I remember mama said:

You can’t hurry love

No, you just have to wait

She said love don’t come easy

It’s a game of give and take

You can’t hurry love

No, you just have to wait

She said trust, give it time

No matter how long it takes

The lyrics indicate the importance of caution. They suggest the American people may not be ready for such a landmark decision. After acknowledging the conservative tendencies of older generations, and after considering their advice on love, Diana Ross would also cite precedent established in their other hit single, “Back In My Arms Again.”

Ooh! But now

He’s back in my arms again

Right by my side

I got him back in my arms again

So satisfied

It’s easy for friends to say

Let him go

But I’m the one

Who needs him so

It’s his love that makes me strong

Without him I can’t go on

This time I’ll live my life at ease

Being happy lovin’ whom I please…

These lyrics undeniably and eloquently argue how everyone has the right to love whomever they please. Reading the majority opinion, Diana Ross would speak right to the heart of the matter, and surprising everyone with her very un-diva-like and generous spirit, she’d cite a song by The Supremes that featured her replacement, Tammi Terrell, singing the lead rather than her, the 1970 hit, “Everybody’s Got The Right To Love.”
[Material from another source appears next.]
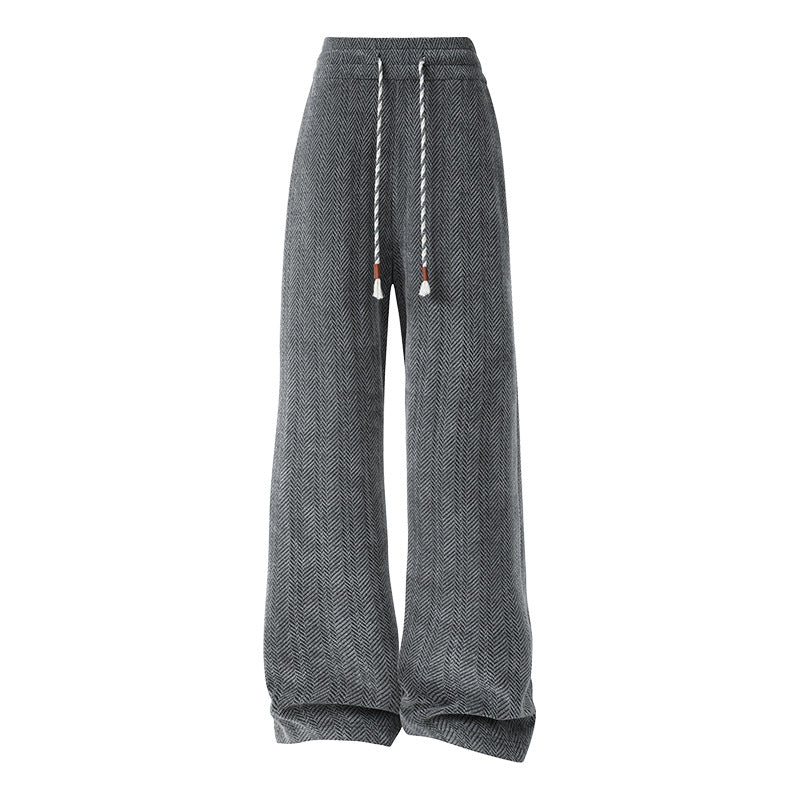 Damen weite Haremshose mit elastischem Bund und trendy Zickzackmuster EB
You can have all the things that you desire

But without love you just can’t survive

You need love to warm your heart at night

When you’re all alone and no comfort’s in sight

Everybody needs somebody

Everybody’s got the right to love

And thus, Diana Ross would rule in favor of equal protection for all under the Constitution. Supporting the universal rights of love and commitment, The Supremes would rule 2-1 in favor of same-sex marriage. Justice is blind… but it’s not deaf. Motown songs always celebrated the first law of love. And this ruling by Diana Ross and The Supremes affirms…

Everybody’s got the right to love… and marry whomever they please

And now, thanks to my favorite legal diva, Justice Kennedy, we can all dance on out this daydream and celebrate in the real world because “the Supremes” were as just wise as Diana Ross and The Supremes… and ruled in favor of love.